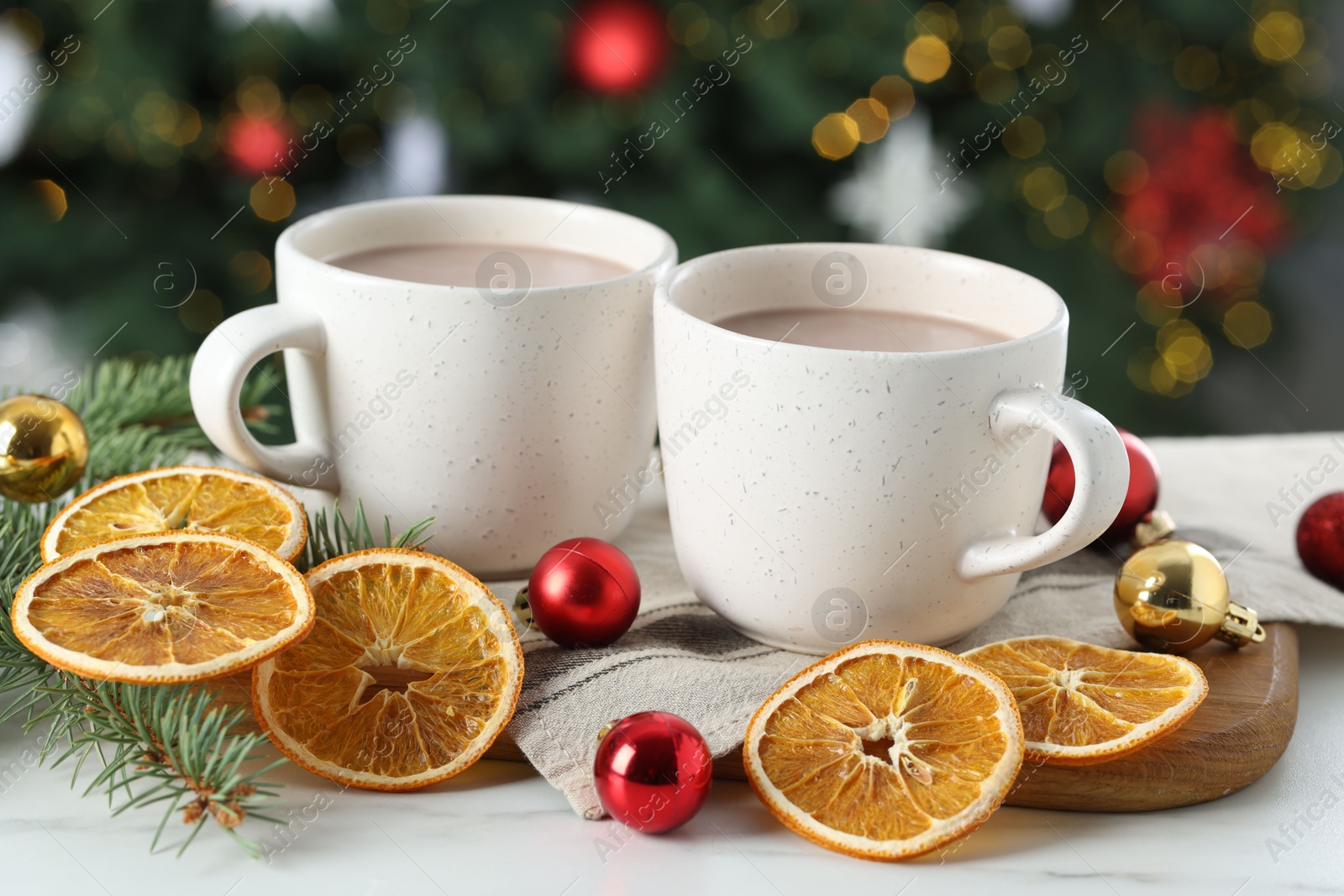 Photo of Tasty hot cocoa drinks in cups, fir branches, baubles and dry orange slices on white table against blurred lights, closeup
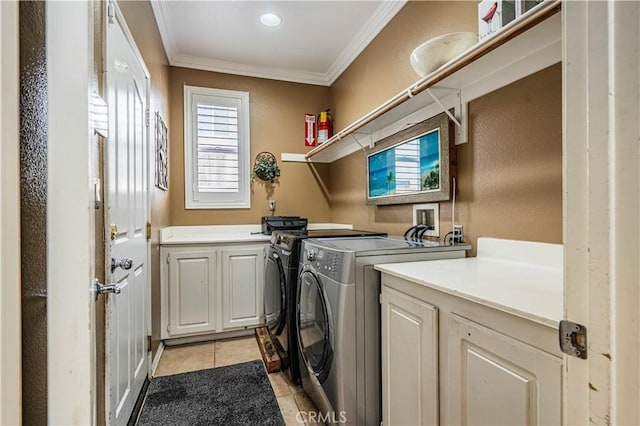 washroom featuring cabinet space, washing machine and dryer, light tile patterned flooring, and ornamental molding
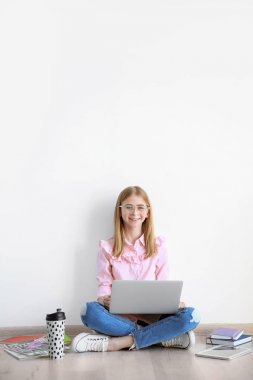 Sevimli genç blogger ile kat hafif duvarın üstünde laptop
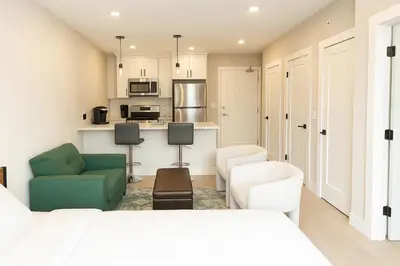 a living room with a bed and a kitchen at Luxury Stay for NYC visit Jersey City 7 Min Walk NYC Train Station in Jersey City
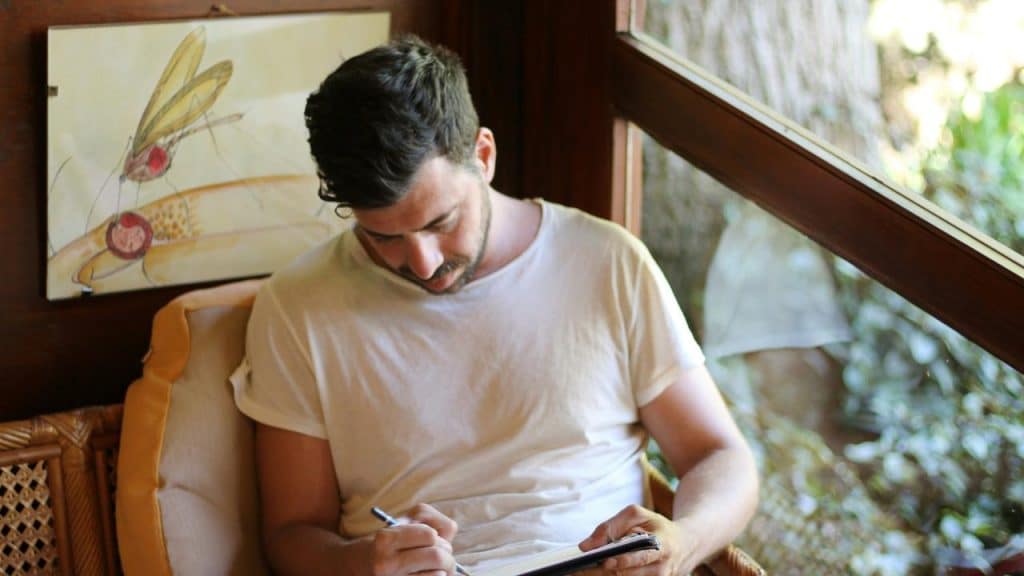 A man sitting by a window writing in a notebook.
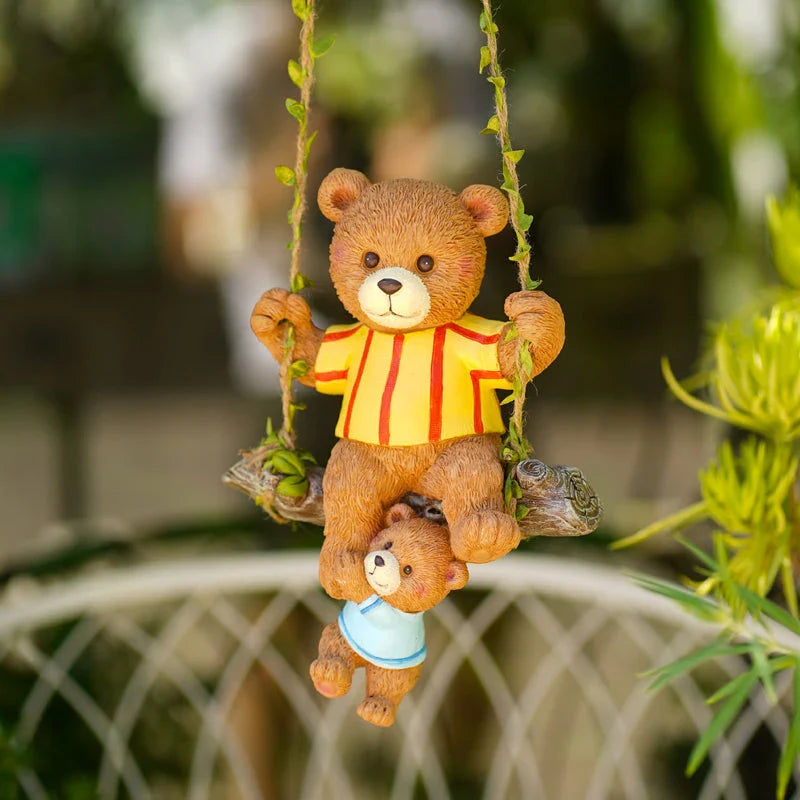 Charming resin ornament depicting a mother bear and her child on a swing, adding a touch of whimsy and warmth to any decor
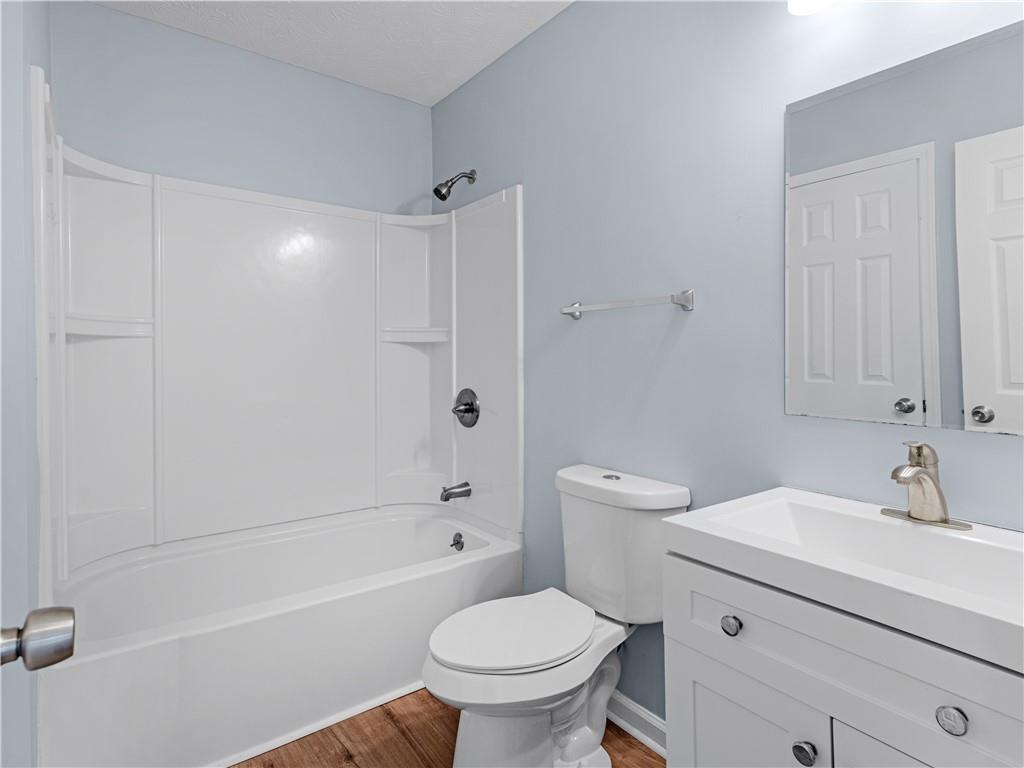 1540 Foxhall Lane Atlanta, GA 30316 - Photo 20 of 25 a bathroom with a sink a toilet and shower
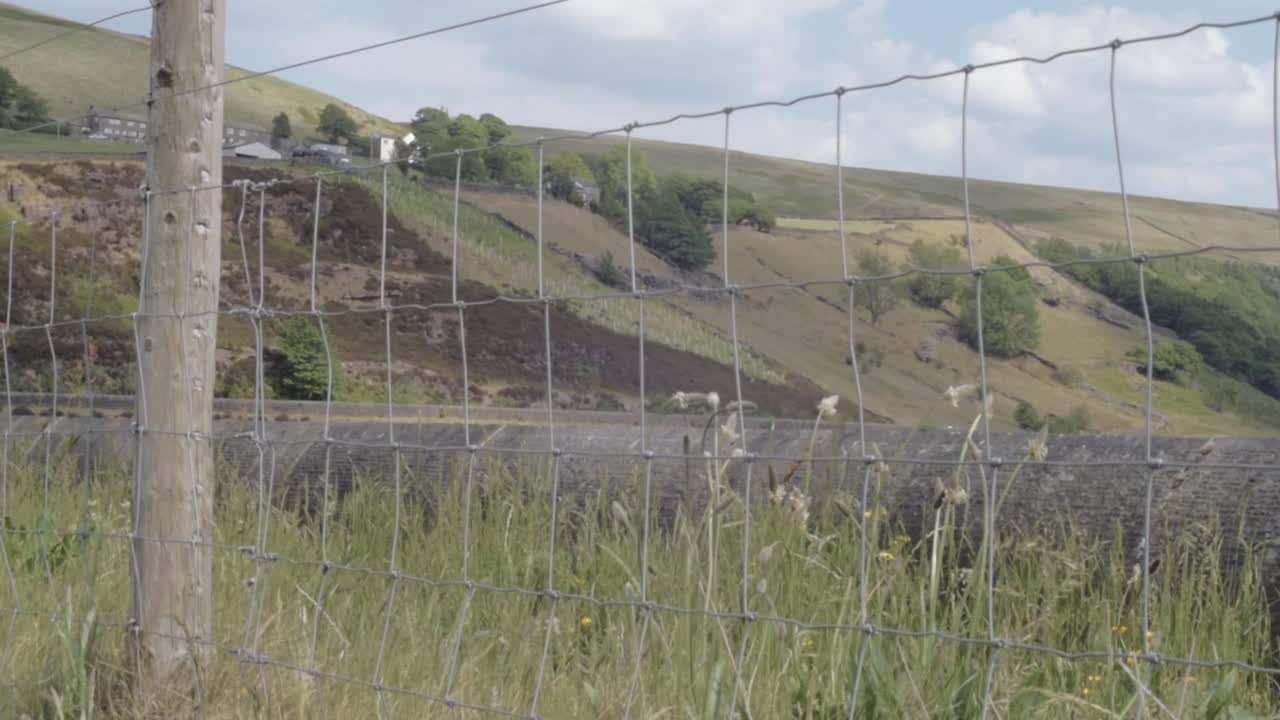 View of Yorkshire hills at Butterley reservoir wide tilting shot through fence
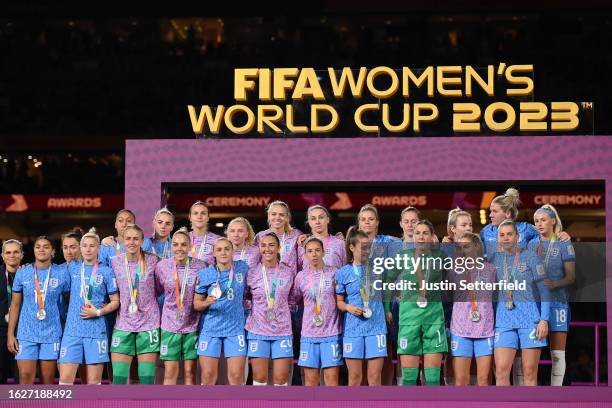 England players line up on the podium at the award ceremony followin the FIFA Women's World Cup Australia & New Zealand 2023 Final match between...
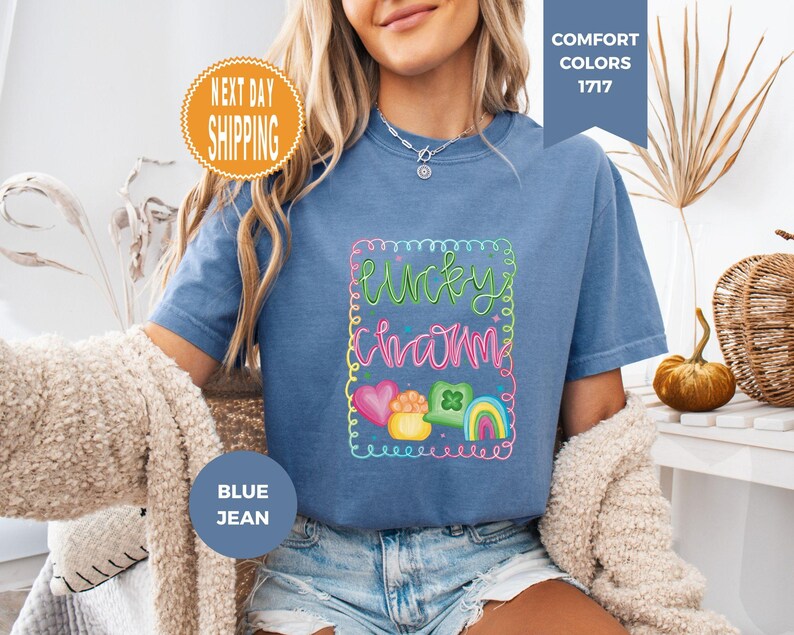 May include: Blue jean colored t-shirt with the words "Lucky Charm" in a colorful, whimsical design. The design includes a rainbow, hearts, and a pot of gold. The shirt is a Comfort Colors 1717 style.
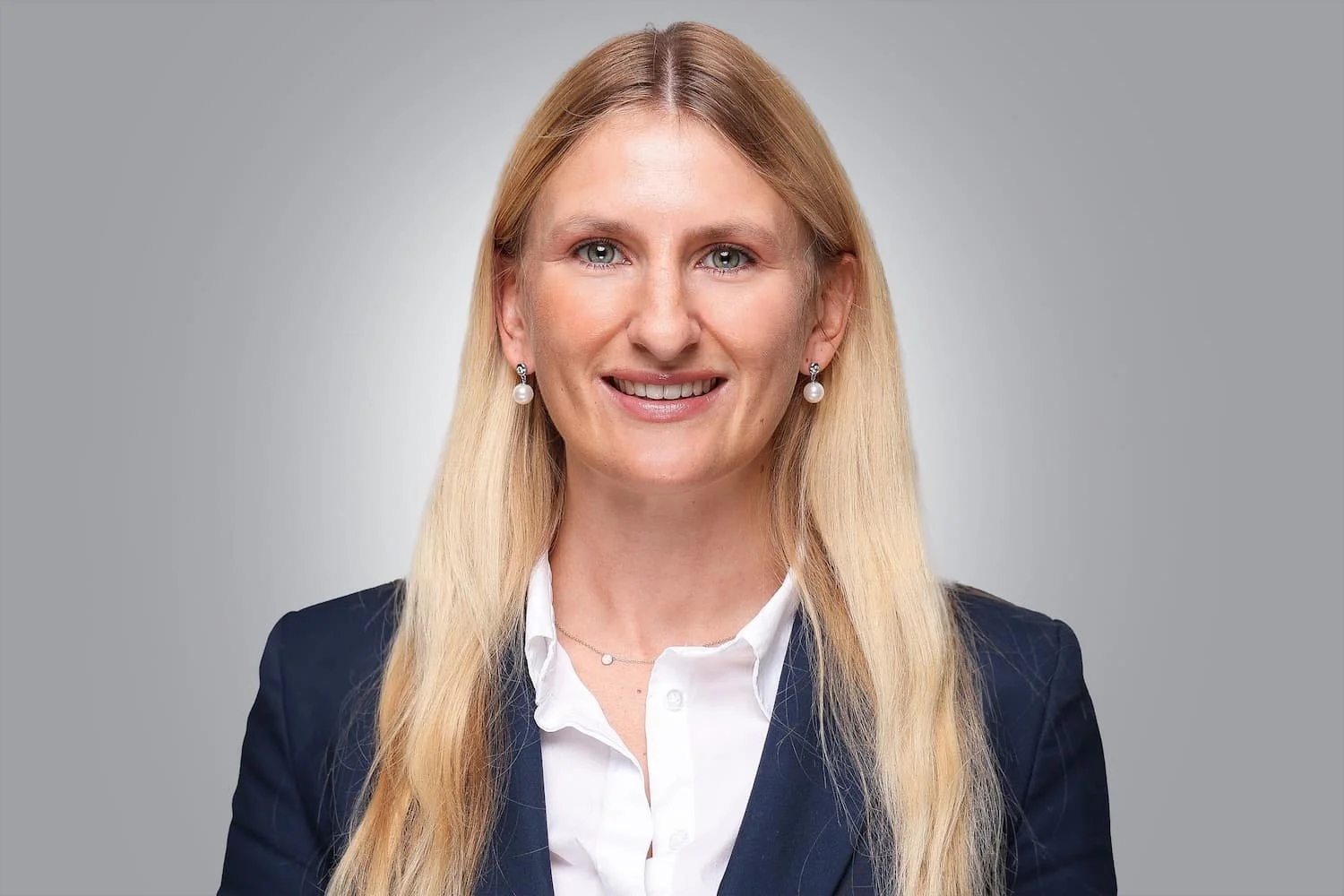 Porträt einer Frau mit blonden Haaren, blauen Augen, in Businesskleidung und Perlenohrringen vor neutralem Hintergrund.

┄┄┄┄┄┄┄┄┄┄

§ Exercise directions:
Each line from the one holding "A man sitting" down to the end of the records is to be reproduced unaltered, and the pictures are to be omitted.

§ Solution for this task:
 A man sitting by a window writing in a notebook.
 Charming resin ornament depicting a mother bear and her child on a swing, adding a touch of whimsy and warmth to any decor
 1540 Foxhall Lane Atlanta, GA 30316 - Photo 20 of 25 a bathroom with a sink a toilet and shower
 View of Yorkshire hills at Butterley reservoir wide tilting shot through fence
 England players line up on the podium at the award ceremony followin the FIFA Women's World Cup Australia & New Zealand 2023 Final match between...
 May include: Blue jean colored t-shirt with the words "Lucky Charm" in a colorful, whimsical design. The design includes a rainbow, hearts, and a pot of gold. The shirt is a Comfort Colors 1717 style.
 Porträt einer Frau mit blonden Haaren, blauen Augen, in Businesskleidung und Perlenohrringen vor neutralem Hintergrund.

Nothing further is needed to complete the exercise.